# TASK
Take the lines below from the first through the one that contains "Белый Мазда 626, объемом" and copy them exactly.

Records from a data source

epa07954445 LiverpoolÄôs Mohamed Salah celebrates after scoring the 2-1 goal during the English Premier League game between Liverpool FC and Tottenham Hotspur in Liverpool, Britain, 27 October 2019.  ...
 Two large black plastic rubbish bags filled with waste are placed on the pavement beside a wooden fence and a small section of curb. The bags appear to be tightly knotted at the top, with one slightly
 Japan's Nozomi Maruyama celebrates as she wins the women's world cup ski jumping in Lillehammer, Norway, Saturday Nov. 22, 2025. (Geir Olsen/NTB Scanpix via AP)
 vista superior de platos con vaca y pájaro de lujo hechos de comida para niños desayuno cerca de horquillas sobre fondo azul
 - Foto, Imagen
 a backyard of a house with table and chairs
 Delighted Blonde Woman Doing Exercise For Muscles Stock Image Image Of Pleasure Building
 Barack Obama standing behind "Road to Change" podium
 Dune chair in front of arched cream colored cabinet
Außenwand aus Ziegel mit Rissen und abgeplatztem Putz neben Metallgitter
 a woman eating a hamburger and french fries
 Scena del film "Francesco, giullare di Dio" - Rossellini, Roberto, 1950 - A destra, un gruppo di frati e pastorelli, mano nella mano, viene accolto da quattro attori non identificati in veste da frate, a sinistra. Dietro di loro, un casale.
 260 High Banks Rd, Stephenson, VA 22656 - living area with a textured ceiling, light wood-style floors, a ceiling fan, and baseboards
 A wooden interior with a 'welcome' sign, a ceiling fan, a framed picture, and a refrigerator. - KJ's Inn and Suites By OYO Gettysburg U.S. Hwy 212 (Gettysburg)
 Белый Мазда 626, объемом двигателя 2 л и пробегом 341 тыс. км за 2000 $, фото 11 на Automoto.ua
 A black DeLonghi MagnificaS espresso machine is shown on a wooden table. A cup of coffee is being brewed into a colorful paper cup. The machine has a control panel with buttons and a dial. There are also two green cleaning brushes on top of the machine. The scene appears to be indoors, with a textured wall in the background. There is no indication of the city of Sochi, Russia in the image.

# EXERCISE RESULT
epa07954445 LiverpoolÄôs Mohamed Salah celebrates after scoring the 2-1 goal during the English Premier League game between Liverpool FC and Tottenham Hotspur in Liverpool, Britain, 27 October 2019.  ...
 Two large black plastic rubbish bags filled with waste are placed on the pavement beside a wooden fence and a small section of curb. The bags appear to be tightly knotted at the top, with one slightly
 Japan's Nozomi Maruyama celebrates as she wins the women's world cup ski jumping in Lillehammer, Norway, Saturday Nov. 22, 2025. (Geir Olsen/NTB Scanpix via AP)
 vista superior de platos con vaca y pájaro de lujo hechos de comida para niños desayuno cerca de horquillas sobre fondo azul
 - Foto, Imagen
 a backyard of a house with table and chairs
 Delighted Blonde Woman Doing Exercise For Muscles Stock Image Image Of Pleasure Building
 Barack Obama standing behind "Road to Change" podium
 Dune chair in front of arched cream colored cabinet
Außenwand aus Ziegel mit Rissen und abgeplatztem Putz neben Metallgitter
 a woman eating a hamburger and french fries
 Scena del film "Francesco, giullare di Dio" - Rossellini, Roberto, 1950 - A destra, un gruppo di frati e pastorelli, mano nella mano, viene accolto da quattro attori non identificati in veste da frate, a sinistra. Dietro di loro, un casale.
 260 High Banks Rd, Stephenson, VA 22656 - living area with a textured ceiling, light wood-style floors, a ceiling fan, and baseboards
 A wooden interior with a 'welcome' sign, a ceiling fan, a framed picture, and a refrigerator. - KJ's Inn and Suites By OYO Gettysburg U.S. Hwy 212 (Gettysburg)
 Белый Мазда 626, объемом двигателя 2 л и пробегом 341 тыс. км за 2000 $, фото 11 на Automoto.ua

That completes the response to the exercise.